Abim duduk di sofa tanpa sepatah kata pun dengan tangan kanan bergerak mengendurkan dasi dan membuka kancing atas kemejanya. Pria itu menghela napasnya kasar, kemudian beralih menatap Hazel.
"Sepertinya rambutmu sudah mulai panjang," kata Abim. "Kapan terakhir kali kamu memotongnya?"
"Itu tiga bulan lalu, ketika kita akan pergi ke pesta pernikahan Aiden," sahut Hazel seraya memegang surai hitamnya.
"Besok kita potong lagi."
Hazel terdiam, sebenarnya ia ingin sekali meminta Abim agar membiarkannya memanjangkan rambut sekali saja. Ia tidak suka rambut pendek karena tidak bisa di ikat, dan itu sangat panas ketika ia melakukan pekerjaan rumah. Namun apalah daya, mentalnya tidak seberani itu untuk membantah perintah Abim.
Lagi, dan lagi Hazel hanya mampu mengangguk untuk membalas perkataan Abim. "Apa Anda ingin makan sesuatu?"
"Hmm."
"Apa? Biar saya masakkan," ucap Hazel seraya mendekati Abim.

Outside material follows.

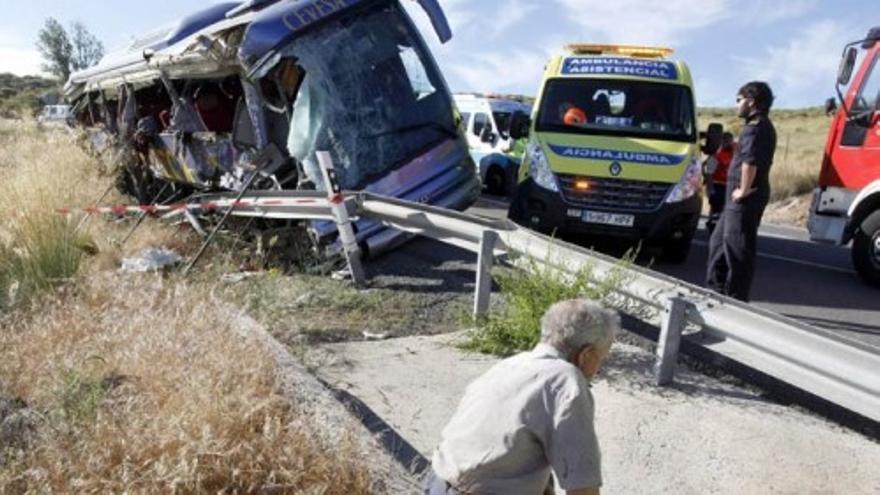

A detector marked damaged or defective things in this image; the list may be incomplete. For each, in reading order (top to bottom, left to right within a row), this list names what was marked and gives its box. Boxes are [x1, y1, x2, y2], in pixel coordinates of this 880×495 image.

crashed bus [66, 0, 482, 256]
damaged vehicle [66, 0, 482, 256]
overturned vehicle [67, 0, 482, 256]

"Aku ingin memakanmu," seru Abim kemudian menarik Hazel sehingga wanita itu kini duduk di pangkuannya.
Abim tidak mengatakan sepatah kata pun lagi, dan langsung meletakkan tangannya pada tengkuk Hazel, sedangkan yang satunya memeluk pinggang kecil wanita itu. Setelah itu, Abim mencium leher Hazel dengan berat.
Tidak ada penolakan dari Hazel, ia hanya mendongak sedikit untuk mempermudah Abim melakukan apa yang pria itu inginkan.

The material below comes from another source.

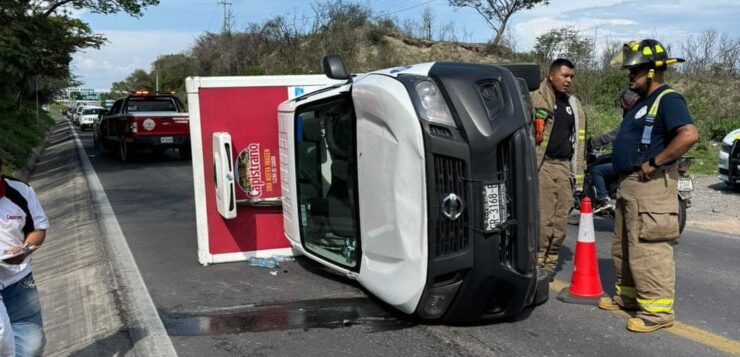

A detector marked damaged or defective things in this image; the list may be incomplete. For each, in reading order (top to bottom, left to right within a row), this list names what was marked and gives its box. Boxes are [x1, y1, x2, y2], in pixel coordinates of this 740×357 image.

overturned white truck [278, 56, 548, 322]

Satu per satu, pakaian terjatuh ke lantai, dan tubuh yang hangat saling menempel. Abim segera menggendong Hazel dengan kedua tangannya menuju ranjang.
Pria itu hampir kehilangan akal sehatnya dan melampiaskan keluhannya kepada Hazel dengan meninggalkan banyak jejak di tubuh wanita itu. Sepertinya Abim sedang banyak pikiran, tidak seperti biasanya ia seperti ini.
Hazel mendongak seraya memegangi wajah Abim, berharap bisa diperbolehkan mencium bibir pria itu. Tapi sayangnya, seperti biasa, pria itu selalu menghindar.
"Tidak ada ciuman," lirih Abim membuat Hazel menghentikan gerakannya, dan hanya pasrah di bawah kendali Abim.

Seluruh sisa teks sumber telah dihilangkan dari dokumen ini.